Her family disapproves, so she presents the plan to her father in numbers.  She calculates the cost of her living with her family minus what they should be paying her for all of the work she does.  She uses fair market values to make her calculations, and in presenting the information, offends her father beyond words.  In addition, her family members are confused and somewhat disgraced by her going into domestic service.  (I am learning more and more that, historically, when a wife “worked,” it was because of financial problems or the inability of the husband.  It is seen as a sign of weakness or poverty.  See the research of Ruth Schwartz Cowan for more about this.)

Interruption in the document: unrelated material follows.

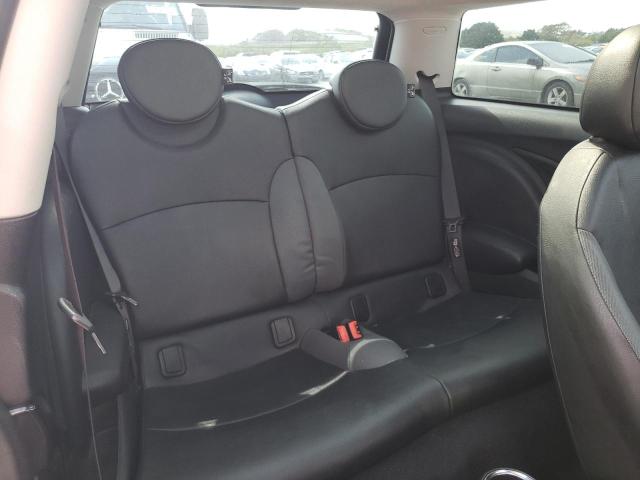 Photo 10 from auction – 2010 MINI COOPER with VIN WMWMF3C55ATU76203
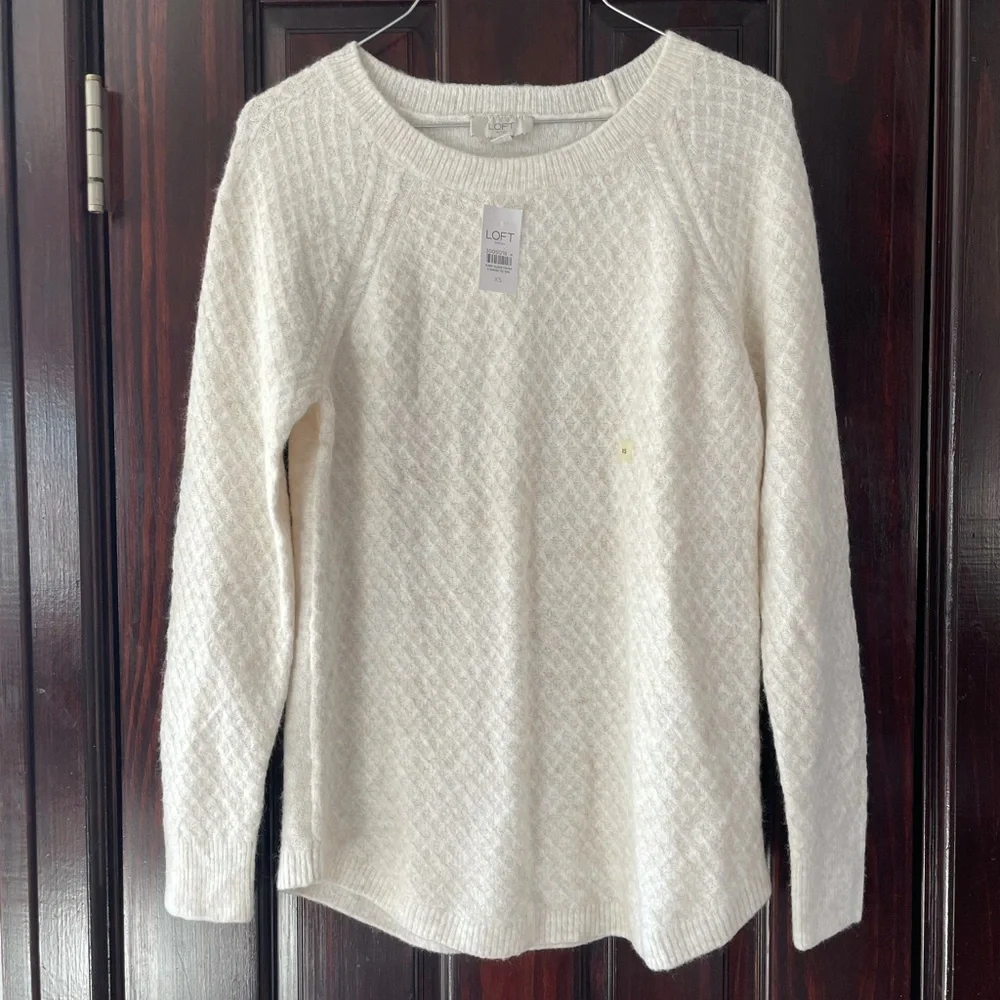LOFT Sweater - Picture 1 of 3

Diantha does not let her family deter her and she heads out into the world.  Of course, she becomes wildly successful, eventually turning her work ethic and system into a business and from there into a utopian communal society where all of the women pool their resources for childcare and housework.  It is a dream of the late 1800s and early 1900s, a la Bronson Alcott and the transcendentalists or, yes, even the early Mormon settlers of the Salt Lake Valley.  Such communal living arrangements are scorned and scoffed at, even called communist.  I guess that is the root of the word, but on paper, communal living should be harmonious and desirable.  But historically we Americans have rejected such ideas and communities as radical and subversive.  We prize individualism more, me included.

So Diantha’s venture succeeds, but not without resistance and opposition along the way.  But in the end, it turns out happily.  There are some bumps in getting to marry her man, but he comes around and realizes that she is admirable and worthwhile.  This part of the story, that her fiancé is angry at first and prideful and refuses to marry her, although her financial success is what makes their marriage possible, is somewhat maddening.  But his reaction is realistic.  It is such a pity that for him to come around requires his traveling abroad and hearing of her accomplishments and their warm reception around the globe.   I guess he finds that her accomplishments are only admirable when large numbers of people are admiring them.

So this novella, although feminist and fun and interesting, is not very well written. The narrative is choppy and confusing at times.  There is not clear story arc or plot.  The conflicts and resolutions happen quickly and without cohesion.  Overall, I do not appreciate Gilman’s prose, but I admire her tenacity, her activism, and her bravery.  Her own life was somewhat fraught, and I can’t say I agree with all of her decisions, but her literature is something I find interesting and enjoyable.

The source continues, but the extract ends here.